▶ _TASK DESCRIPTION_
Lines after the one containing "White, 2 Pack" are to be omitted; print exactly each line from the start of the records up to and including it.

▶ _MATERIAL PROVIDED_
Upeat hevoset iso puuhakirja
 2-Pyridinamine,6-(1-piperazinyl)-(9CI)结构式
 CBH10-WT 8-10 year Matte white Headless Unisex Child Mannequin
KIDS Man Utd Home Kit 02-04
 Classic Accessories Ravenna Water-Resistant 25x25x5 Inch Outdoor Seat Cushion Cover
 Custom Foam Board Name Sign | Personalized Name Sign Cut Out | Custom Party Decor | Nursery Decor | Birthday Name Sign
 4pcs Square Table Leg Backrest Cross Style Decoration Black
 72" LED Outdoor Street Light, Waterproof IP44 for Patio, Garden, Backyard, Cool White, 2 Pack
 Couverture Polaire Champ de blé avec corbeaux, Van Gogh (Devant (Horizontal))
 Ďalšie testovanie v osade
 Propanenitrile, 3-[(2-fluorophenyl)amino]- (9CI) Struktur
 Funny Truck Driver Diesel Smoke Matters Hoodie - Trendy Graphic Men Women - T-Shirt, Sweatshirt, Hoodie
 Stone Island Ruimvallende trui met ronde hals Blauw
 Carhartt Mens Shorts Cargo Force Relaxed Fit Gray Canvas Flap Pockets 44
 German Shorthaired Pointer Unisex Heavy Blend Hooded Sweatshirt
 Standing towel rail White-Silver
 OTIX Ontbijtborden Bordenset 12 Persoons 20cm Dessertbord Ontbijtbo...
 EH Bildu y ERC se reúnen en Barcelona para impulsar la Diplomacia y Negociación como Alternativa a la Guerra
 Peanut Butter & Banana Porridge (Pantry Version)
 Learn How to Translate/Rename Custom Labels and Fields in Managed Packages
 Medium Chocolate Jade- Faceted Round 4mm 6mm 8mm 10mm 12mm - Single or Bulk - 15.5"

▶ _SOLUTION FOR THIS TASK_
Upeat hevoset iso puuhakirja
 2-Pyridinamine,6-(1-piperazinyl)-(9CI)结构式
 CBH10-WT 8-10 year Matte white Headless Unisex Child Mannequin
KIDS Man Utd Home Kit 02-04
 Classic Accessories Ravenna Water-Resistant 25x25x5 Inch Outdoor Seat Cushion Cover
 Custom Foam Board Name Sign | Personalized Name Sign Cut Out | Custom Party Decor | Nursery Decor | Birthday Name Sign
 4pcs Square Table Leg Backrest Cross Style Decoration Black
 72" LED Outdoor Street Light, Waterproof IP44 for Patio, Garden, Backyard, Cool White, 2 Pack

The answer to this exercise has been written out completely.